La cosca dei Piromalli si sarebbe attivata per pilotare 50mila schede bianche facendole risultare votate. Coinvolti un uomo d'affari siciliano e un parlamentare. I magistrati confermano: ma se ne riparlerà dopo il voto

Reggio Calabria - La Dda di Reggio Calabria sta conducendo un’inchiesta su presunti brogli nel voto degli italiani in America latina che sarebbero stati messi in atto dalla cosca Piromalli di Gioia Tauro. Nell’inchiesta sono coinvolti un uomo d’affari siciliano, Aldo Miccichè, ed un parlamentare in carica siciliano, candidato nelle prossime elezioni di cui non si conosce l’identità, nè la coalizione politica d’appartenenza. Il tentativo d’inquinamento del voto avrebbe mirato a condizionare l’esito della consultazione facendo risultare come votate circa 50 mila schede bianche. La notizia, pubblicata da alcuni giornali, è stata confermata dal procuratore della Repubblica facente funzioni, Francesco Scuderi, che non ha inteso, però fornire ulteriori particolari.

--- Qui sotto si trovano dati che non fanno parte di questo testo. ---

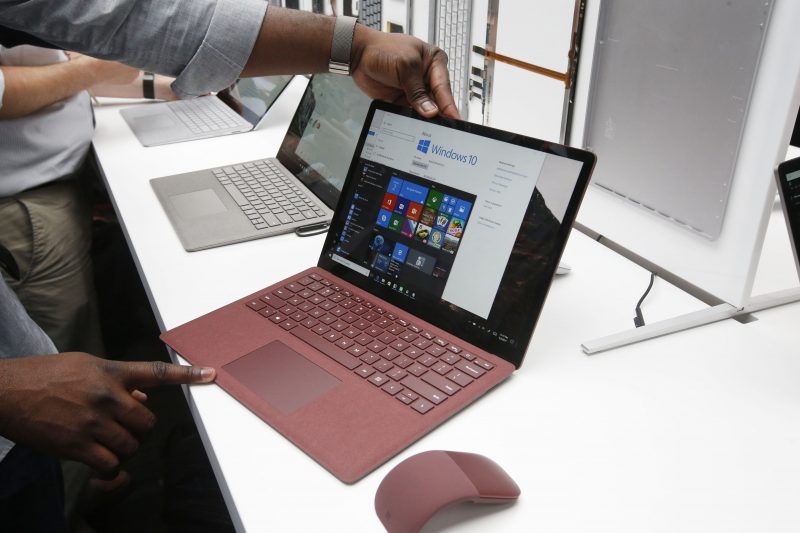 A fan tests out the new Surface Laptop device while displayed at the Microsoft Education event at Center 415 on Tuesday, May 2, 2017, in New York. (Jason DeCrow/AP Images for Microsoft)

«Il momento, visto che siamo ad appena due giorni dal voto - ha detto Scuderi - è delicatissimo, anche perchè negli articoli riportati sui giornali ci sono molti dettagli che avrebbero dovuto rimanere riservati, e sarebbe irresponsabile da parte nostra in questo momento rivelare ulteriori particolari. Dopo il voto - ha aggiunto Scuderi - potremo fornire qualche notizia in più. Al momento non è il caso di dire alcunchè». Nei giorni scorsi lo stesso Scuderi ed il pm della Dda Roberto Di Palma, titolare dell’inchiesta, avevano incontrato il ministro dell’Interno Giuliano Amato per informarlo sulle risultanze dell’inchiesta.

Dopo la segnalazione di possibili tentativi di brogli nel voto all’estero, il ministero dell’Interno ha attivato il ministero degli Esteri che, a sua volta, ha allertato le rappresentanze consolari. Una comunicazione che è stata fatta al ministero dell’Interno e, ha detto Amato, di cui il titolare del Viminale aveva accennato qualcosa nei giorni scorsi. Amato non ha voluto aggiungere altro essendoci sulla vicenda il segreto istruttorio. «Non sarò io a violare il segreto istruttorio», ha detto il ministro rispondendo a un cronista. «Sono qui per tentare di far valere i principi di legalità».